The NMVe Impact: A Real-World Example

But what does that mean for actual workloads? Our friends over at Percona found in their MongoDB Performance on Kubernetes report that Kubernetes implies no performance penalty. Hence, we can look at the disks’ actual raw performance.

A team of researchers from the University of Southern California, San Jose State University, and Samsung Semiconductor took on the challenge of measuring the implications of NVMe SSDs (over SATA SSD and SATA HDD) for real-world database performance.

The general performance characteristics of their test hardware:

	NVMe SSD	SATA SSD	SATA HDD
Access latency	113µs	125µs	14,295µs
Maximum IOPS	750,000	70,000	190
Maximum Bandwidth	3GB/s	278MB/s	791KB/s

Table 1: General performance characteristics of the different storage types

Their resume states, “scale-out systems are driving the need for high-performance storage solutions with high available bandwidth and lower access latencies. To address this need, newer standards are being developed exclusively for non-volatile storage devices like SSDs,” and “NVMe’s hardware and software redesign of the storage subsystem translates into real-world benefits.”

They’re closing with some direct comparisons that claim an 8x performance improvement of NVMe-based SSDs compared to a single SATA-based SSD and still a 5x improvement over a [Hardware] RAID-0 of four SATA-based SSDs.

Transforming Database Operations

Perhaps the most compelling use case for NVMe in Kubernetes is database operations. Typical modern databases process queries significantly faster when storage isn’t the bottleneck. This becomes particularly important in microservices architectures where concurrent database requests and high-load scenarios are the norm.

Traditionally, running stateful services in Kubernetes meant accepting significant performance overhead. With NVMe storage, organizations can now run high-performance databases, caches, and messaging systems with bare-metal-like performance in their Kubernetes clusters.

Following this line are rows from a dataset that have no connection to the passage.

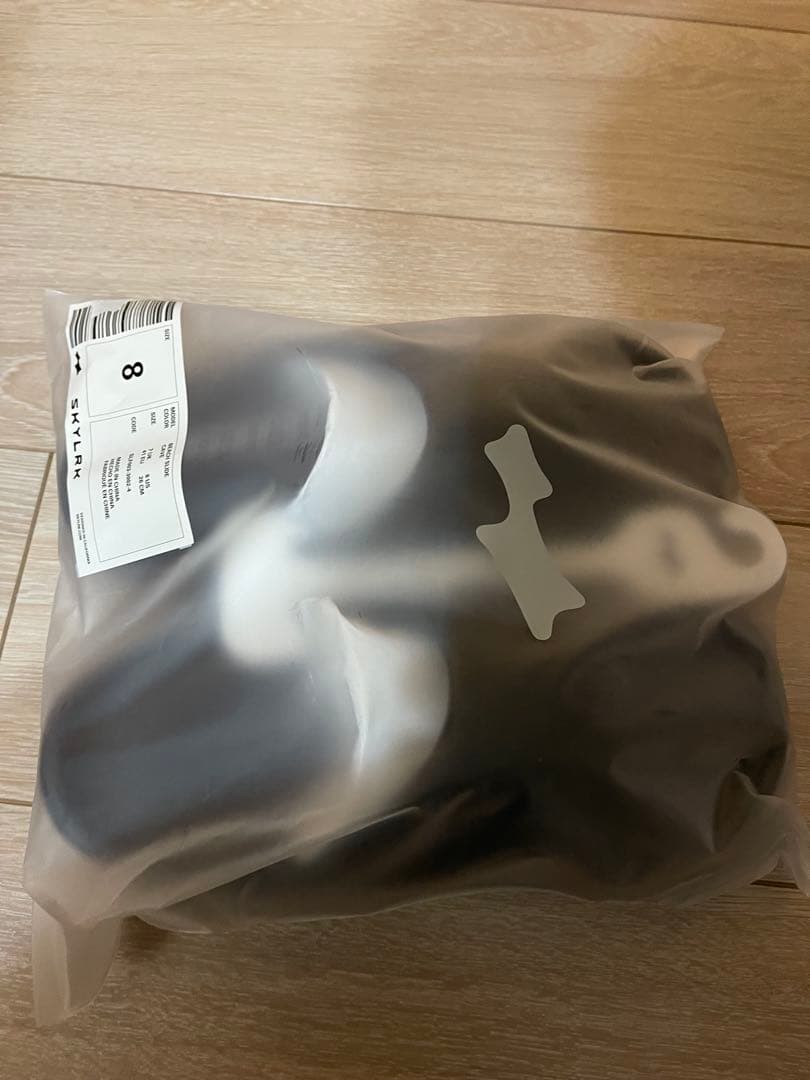 れ*ん様 新品未開封 SKYLRK BLACK ビーチサンダル 26cm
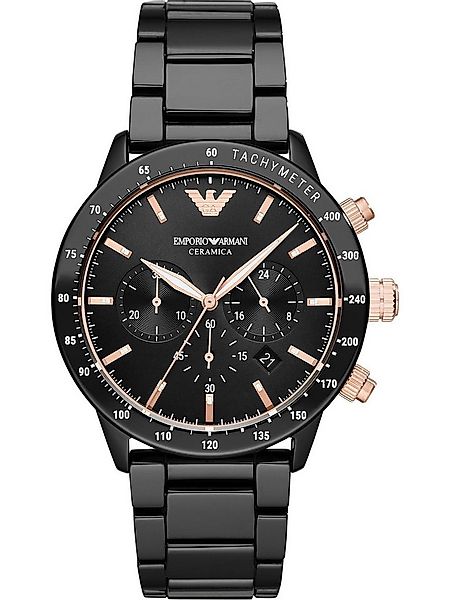 Emporio Armani Quarzuhr AR70002 günstig online kaufen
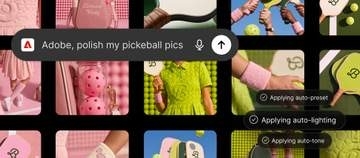 「ChatGPT向けアドビプラグイン」がリリース ～Acrobat、Photoshop、Premiereなどの機能を1つのプラグインに統合／ChatGPT内で完結する新たなクリエイティブ体験を提供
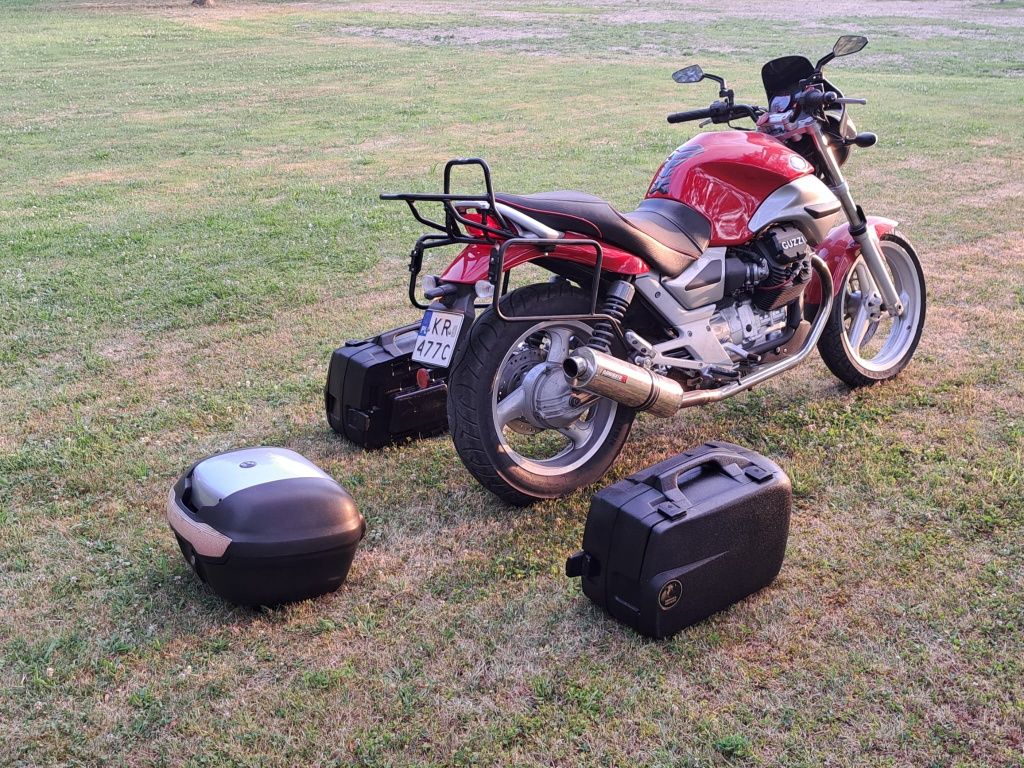 Moto Guzzi Breva 750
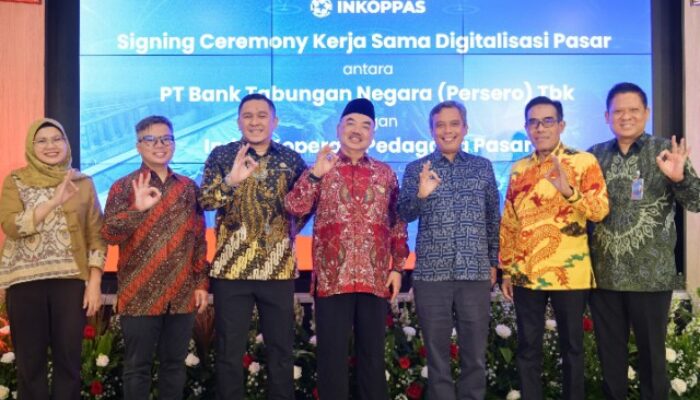 Kolaborasi BTN dan INKOPPAS Dorong Transformasi Digital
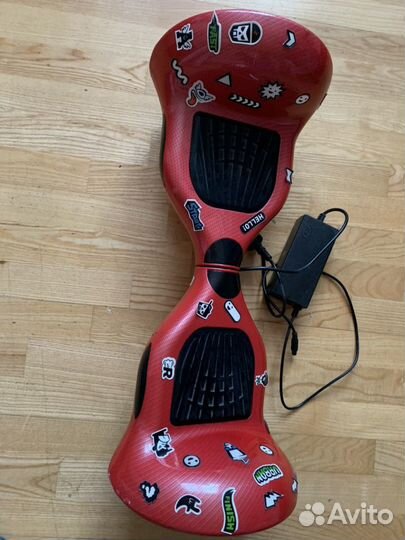 Гироскутер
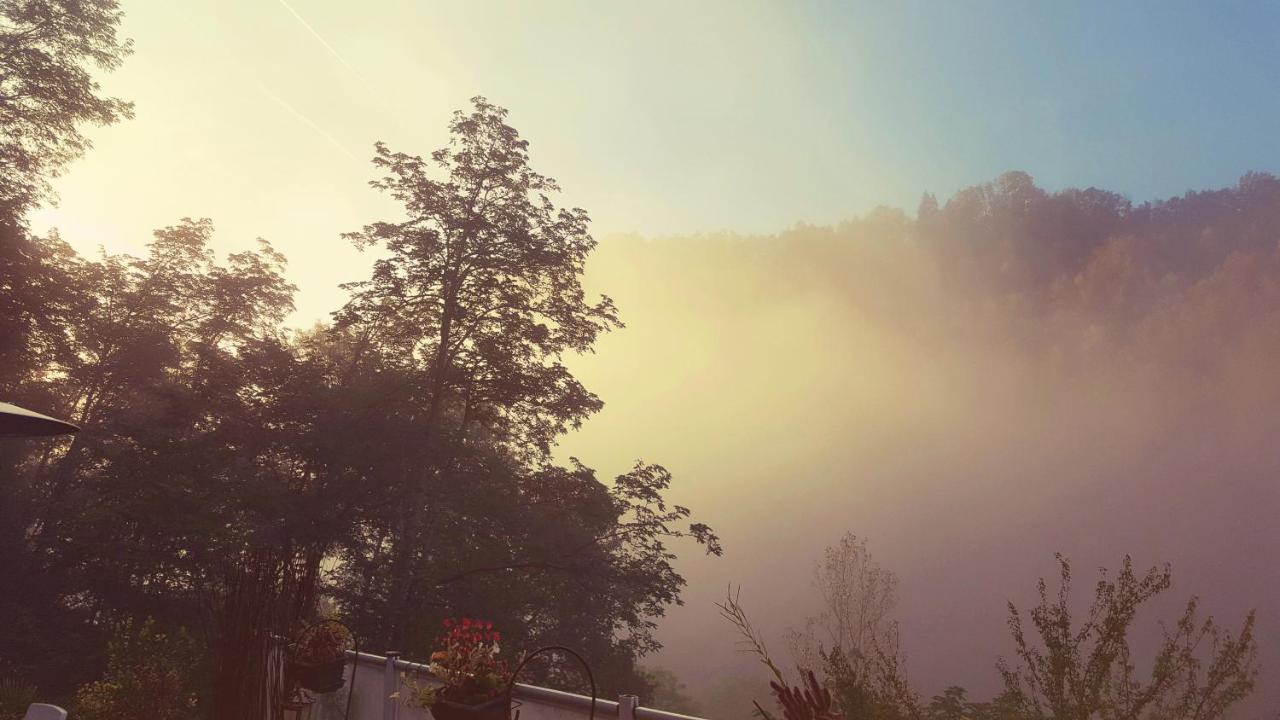 Skymist Maison D'Hotes Biert Eksteriør billede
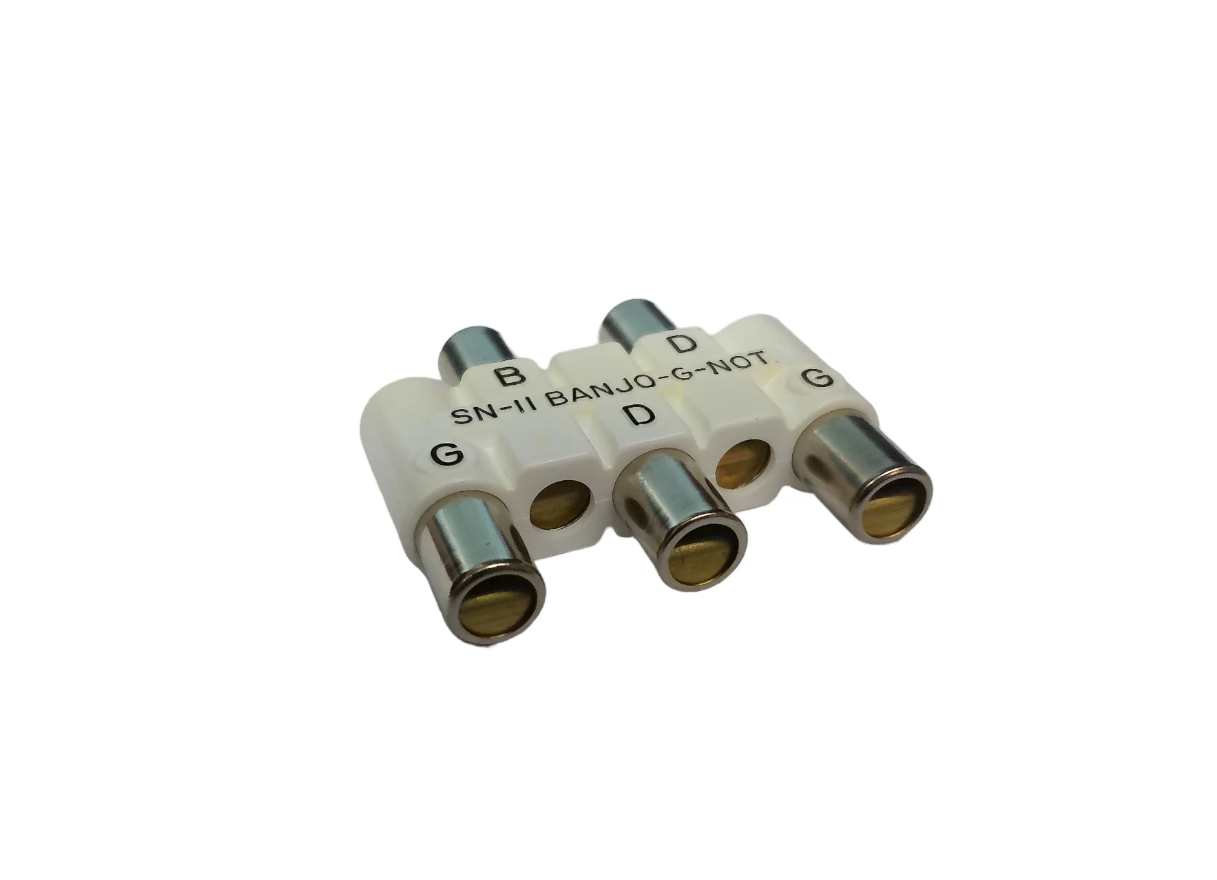 Kratt SN-II Banjo Pitch Pipe (5-String G Tuning)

Dynamic Resource Allocation

One of Kubernetes’ central promises is dynamic resource allocation. That means assigning CPU and memory according to actual application requirements. Furthermore, it also means dynamically allocating storage for stateful workloads. With storage classes, Kubernetes provides the option to assign different types of storage backends to different types of applications. While not strictly necessary, this can be a great application of the “best tool for the job” principle.

That said, for IO-intensive workloads, such as databases, a storage backend providing NVMe storage is essential. NVMe’s ability to handle massive I/O parallelism aligns perfectly with Kubernetes’ scheduling capabilities. Storage resources can be dynamically allocated and deallocated based on workload demands, ensuring optimal resource utilization while maintaining performance guarantees.

Simplified High Availability

The low latency of NVMe over TCP enables new approaches to high availability. Instead of complex database replication schemes, organizations can leverage storage-level replication (or more storage-efficient erasure coding, like in the case of simplyblock) with a negligible performance impact. This significantly simplifies application architecture while improving reliability.

Furthermore, NVMe over TCP utilizes multipathing as an automatic fail-over implementation to protect against network connection issues and sudden connection drops, increasing the high availability of persistent volumes in Kubernetes.

The Physics Behind NVMe Performance

Many teams don’t realize how profoundly storage physics impacts database operations. Traditional storage solutions averaging 2-4ms latency might seem fast, but this translates to a hard limit of about 80 consistent transactions per second, even before considering CPU or network overhead. Each transaction requires multiple storage operations: reading data pages, writing to WAL, updating indexes, and performing one or more fsync() operations. At 3ms per operation, these quickly stack up into significant delays. Many teams spend weeks optimizing queries or adding memory when their real bottleneck is fundamental storage latency.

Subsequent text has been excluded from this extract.